For 3ds Max users who’ve spent years assigning “Material_01_final_FINAL_NOREALLYFINAL_v2” to everything, Chaos delivers two new AI features in V‑Ray 7 Update 2. The AI Material Generator (beta) builds PBR materials straight from your photos, producing the maps you need and putting them right into the Cosmos asset library.

Because nothing says “workflow optimization” like skipping the endless tweaking of reflection values. The AI Enhancer (beta) spots people, trees, and “important stuff” in your renders, then cranks up realism without touching the rest, so you can keep your archviz hero trees and entourage in Instagram shape, no matter how late you imported them.

Both features are still in beta—test on throwaway scenes before dropping them into a client delivery, unless your client’s review system also supports beta feedback.

Night Sky for Max: Astronomically Accurate, Artistically Flexible
Staring at 3ds Max’s viewport at 2 AM and wondering what the sky looks like? Now you don’t have to guess. The new Night Sky system lets you control stars, constellations, moon phases, and the Milky Way—down to the correct date and geographic location. If your creative director asks, yes, you can override for “more magic.” If your client’s house faces south, so will the moon. Sun Node updates also mean more options for daylight mood tweaks, even for those who think “astronomically accurate” is a buzzword.
3D Streaming: Present Scenes to Clients (Who Think Max Is a Video Editor)
The new Chaos Cloud 3D Streaming lets you toss your scene up to the cloud, send a URL, and watch your clients spin the camera, sometimes even in the right direction. No extra hardware, software, or long support emails required. Anyone can add comments or draw on the scene, and no one has to actually open 3ds Max, which should reduce the average blood pressure in your feedback cycles. Like all things online, this feature is in beta, so enjoy it while it’s still fun.

Triple-Speed GPU Rendering: Because Deadlines Aren’t Flexible
Thanks to Chaos’s backend overhaul, Chaos Cloud GPU rendering is now up to three times faster and “cost-efficient.” If you’re rendering Gaussian Splats (newly supported locally and in cloud), or playing with V‑Ray Luminaires or GPU caustics, you get more results for less time and memory. Yes, that means your boss can ask for more changes at 4:30 PM and you might still get home before midnight.

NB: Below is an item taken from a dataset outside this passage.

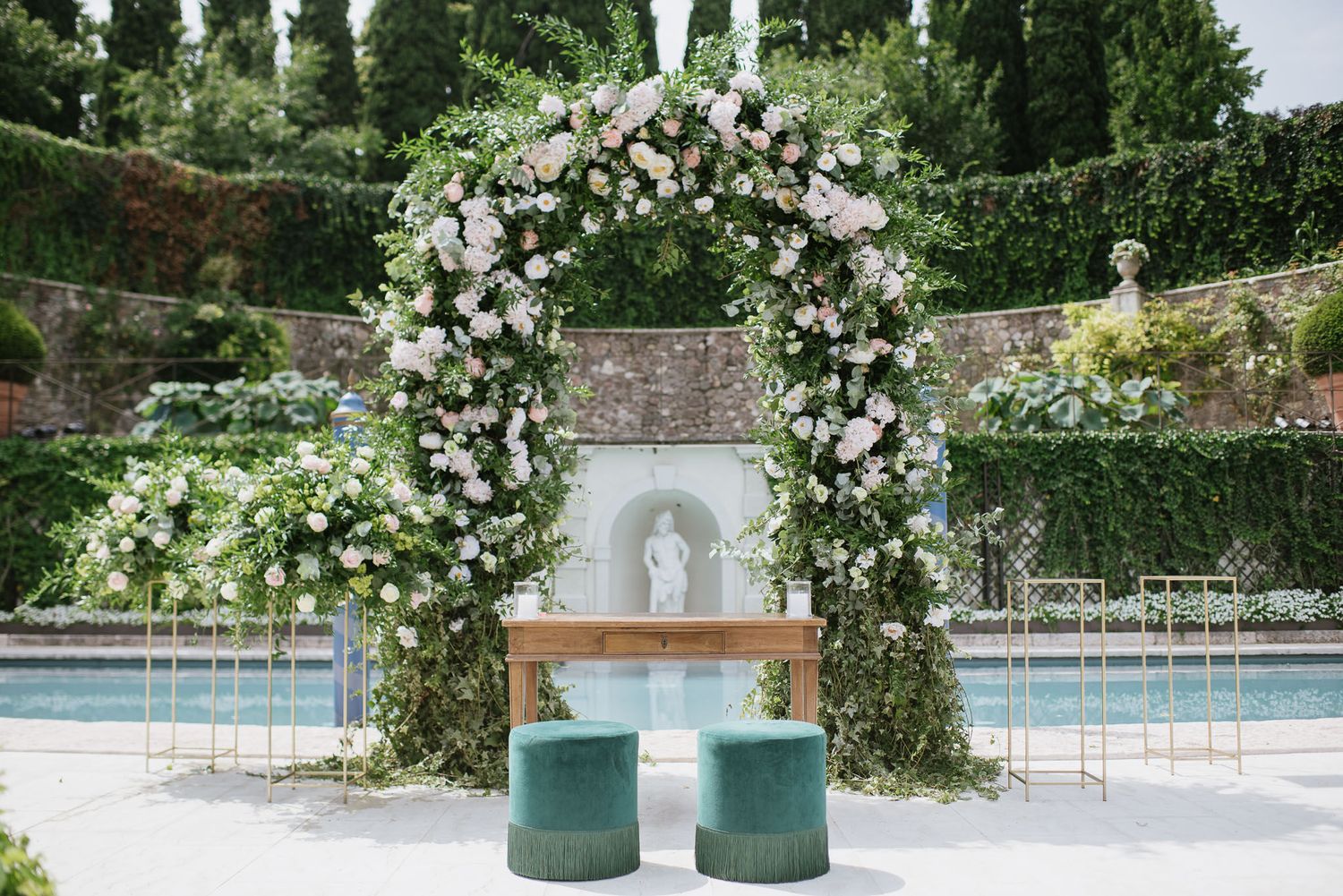 Elegant garden ceremony arch with white florals and teal seating arrangements.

Features for the Few Who Read Changelogs
Update 2 is packed with smaller features to improve the life of anyone who still launches 3ds Max willingly. You get 256 LightMix lights (one for each of your sanity levels), RAW denoising workflow optimizations, improved DR with better progressive load-balancing, and true multithreaded rendering in complex scenes. The viewport proxy system is also faster, letting you see assets while the rest load in the background. Multi-import from Chaos Cosmos now works for entire furniture catalogs (for those archviz deadlines), while OpenPBR brings shader consistency if you dare export to other apps.

You also get proper front-and-backside texture mapping for the next time your client wants two logos on the same napkin. The new mapping-source and probability columns in MultiSubTex let you fine-tune randomization without writing scripts. Scatter clustering is now available via noise, colour, or (brace yourself) a paintbrush.
Pricing and Availability
V‑Ray 7 Update 2 for 3ds Max is available now for versions 2020 through 2026 on the Chaos website. Remember: All new tools, especially beta features, should be tested before using in production. Your client’s “quick feedback” will be far less entertaining if the scene crashes on delivery.